Australia’s building market is forecast to decline over the next three years, according to a recent report.
In its Building in Australia 2017-2032 report, BIS Oxford Economics notes that national building starts peaked in 2015/16 at $107.3 billion. This figure is up 22 percent since the end of the resources investment boom in 2012/13.
While a similar value of commencements is estimated for 2016/17, the report forecasts a cumulative 17 percent decline in the real value of commencements over the next three years, up until 2020. This is in large part due to a drop in residential starts.
“The record-breaking residential building boom is already turning, offsetting growth in starts for non-residential building through 2016/17,” says Adrian Hart, associate director of Construction, Maintenance and Mining at BIS Oxford Economics.

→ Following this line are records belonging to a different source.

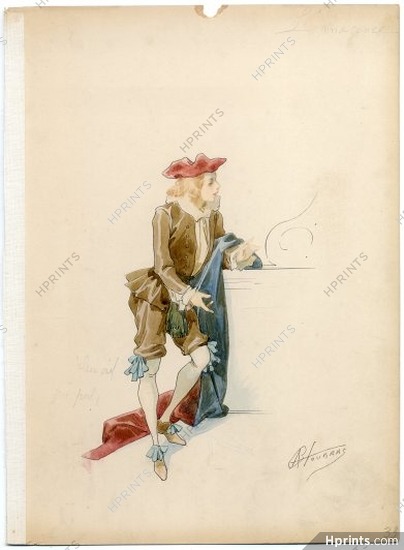 Alfred CHOUBRAC 1890 Costume Design, The Innocent, Le Marié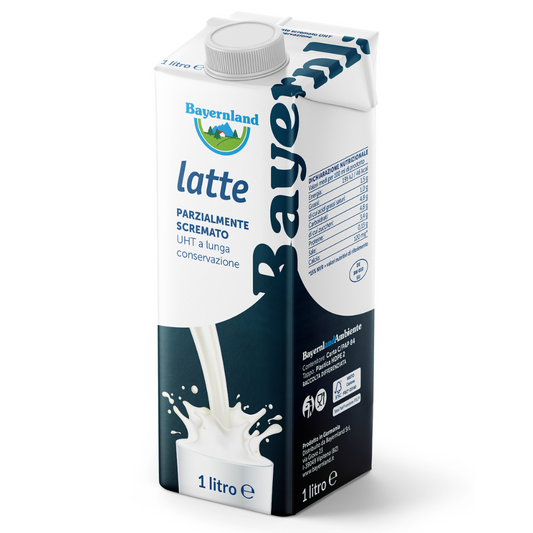 Bayernland - Latte parzialmente scremato UHT con tappo 1lt confezione da 12 pezzi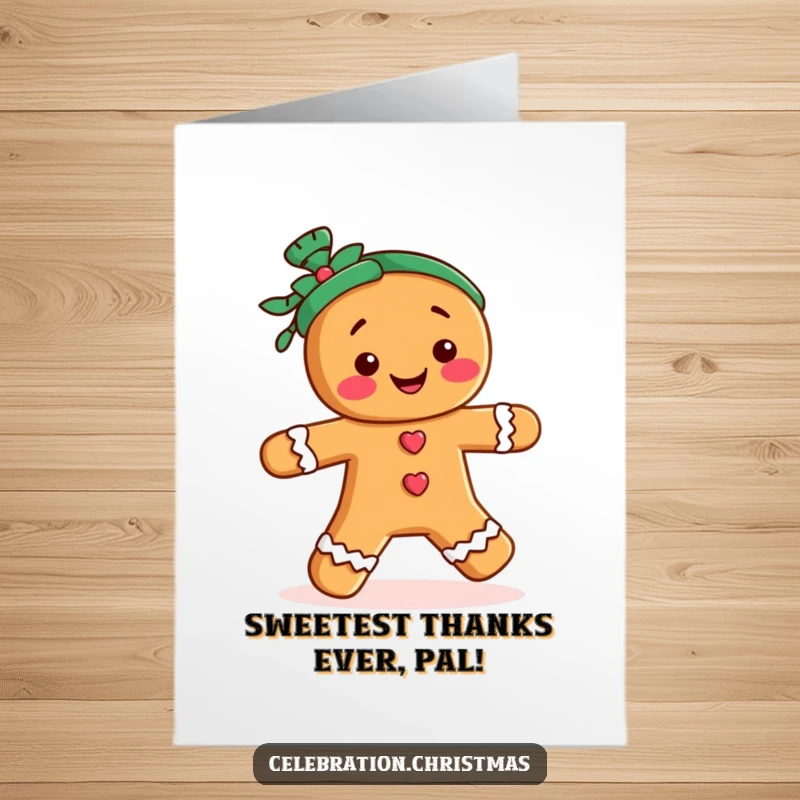Funny Free Printable Thank You Card: A joyful gingerbread person doing a merry jig, great for a sweet DIY downloadable gift.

“Over the next two years, the fall in residential building starts will accelerate sharply, particularly in the investor-driven apartments segment, as supply catches up to underlying demand.”
The BIS expects the total residential market to fall by approximately 31 percent, while high-rise apartment construction is predicted to fall by close to 50 percent.
Contrastingly, the report forecasts that non-residential building commencements will peak over the next two years. This spike follows a cumulative increase of 25 percent over the past two years. However, this growth is expected to ease sooner rather than later.
“With the exception of offices, transport building (eg. railway stations and airport terminals), health and education, most other non-residential building segments are expected to experience flat or declining commencements [in] activity over the remainder of the decade,” says Hart.